Para entender esta Turquía que pretende reflotar viejas glorias, hay que entender entonces el concepto de «profundidad estratégica» desarrollado por el académico y ex primer ministro Ahmed Davutoglu, que sedujo a Recep Tayyip Erdogan. Noción, que en la teoría significa ahondar las relaciones turcas y hacerlo en virtud de prioridades diplomáticas, económicas de cooperación y militares, con su entorno inmediato: países árabes y musulmanes tanto de Asia Occidental como Central, países balcánicos y aquellos situados en el Cáucaso Sur. Una visión más amplia que la meramente europea del extinto Kemalismo.
El Neo-Otomanismo inicia así un trabajo de entendimiento con sus vecinos, incluso en ese entonces Siria (previo a la agresión del año 2011) desempeña un papel activo en el conflicto palestino con relación a la entidad sionista, sobre todo aprovechando la sensible caída de la influencia egipcia y el peso cada día más disminuido de la política exterior saudí. El paradigma político instaurado por la dupla Erdogan-Davutoglu, bajo el nombre de Neo-Otomanismo se empeñó en instaurar una zona de estabilidad para las pretensiones turcas cumpliendo así su agenda de trabajo explicitada por Davutoglu bajo claras directrices:
- Turquía debe adaptarse a la realidad dictada por la postguerra fría.
- Turquía no estaba para inclinarse a uno u otro eje de poder en la zona, debería construir su propio eje y radio de influencia.
- Las crisis regionales dan la posibilidad de mostrar el poderío turco, no sólo mostrar un “poderío blando· sino también el “poderío militar”.
El Neo -Otomanismo merece un artículo especial pero lo claro es que la historia nos señala que los despojos de aquel “hombre enfermo de Europa”, la agonizante administración imperial de la “sublime puerta”, el Imperio otomano que rigió los destinos de millones de personas entre los años 1299 al año 1923, fueron repartidos entre las potencias occidentales de Francia y Gran Bretaña, que a la par de buscar provecho económico, político, geoestratégico, permitieron afianzar el proceso colonizador del sionismo, que movía sus tentáculos en los pasillos políticos y diplomáticos de Londres y París, con el fin de conseguir el aval y el apoyo concreto para hacer carne su objetivo mítico de ocupar Palestina, bajo las máximas falsarias de considerarse un “pueblo elegido” para una “tierra prometida”.

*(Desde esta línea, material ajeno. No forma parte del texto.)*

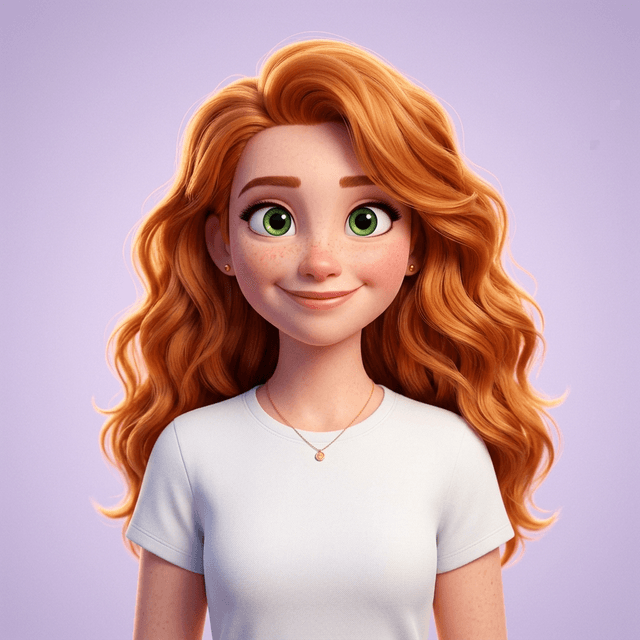 Ava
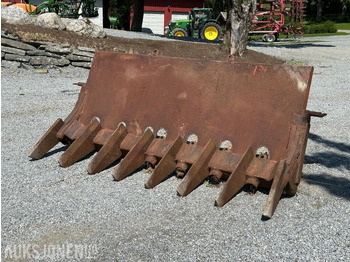 Construction equipment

La caída de la sublime puerta fue el paso decisivo, no sólo para el reparto como botín de guerra de Siria, El Líbano, Transjordania, Irak, sino en forma principalísima, para la irrupción de Gran Bretaña como potencia con Mandato sobre Palestina y con ello la doxa y praxis sionista, que tras su proclamación el año 1948 como entidad, ha significado un proceso de ocupación y colonización, que se ha saldado con decenas de miles de asesinatos, cientos de miles de heridos, millones de refugiados y sobre todo la creación de un modelo de dominio donde el apartheid, la construcción de muros, la conformación de bantustanes, como también la segregación y el crimen son parte componente del sionismo.
El papel inicial de Gran Bretaña ha sido tomado, en forma fundamental por Washington a partir, sobre todo, del fin de la guerra del año 1967, que ha significado poner en marcha el tercer diseño de este esquema de dominio de Asia Occidental, expresado en la disposición del régimen israelí como punta de lanza de los intereses de Estados Unidos y sus aliados occidentales, dotando para ello a esta entidad de recurso militares, apoyo político y diplomático, donde el AIPAC y las administraciones de gobierno estadounidense han jugado un papel preponderante. Pero, así como han caído imperios, también caerán bajo el peso de la justicia y la lucha de los pueblos, las ideologías y su práctica de dominio, desarrolladas al amparo del reparto de Asia occidental, como son el wahabismo y el sionismo.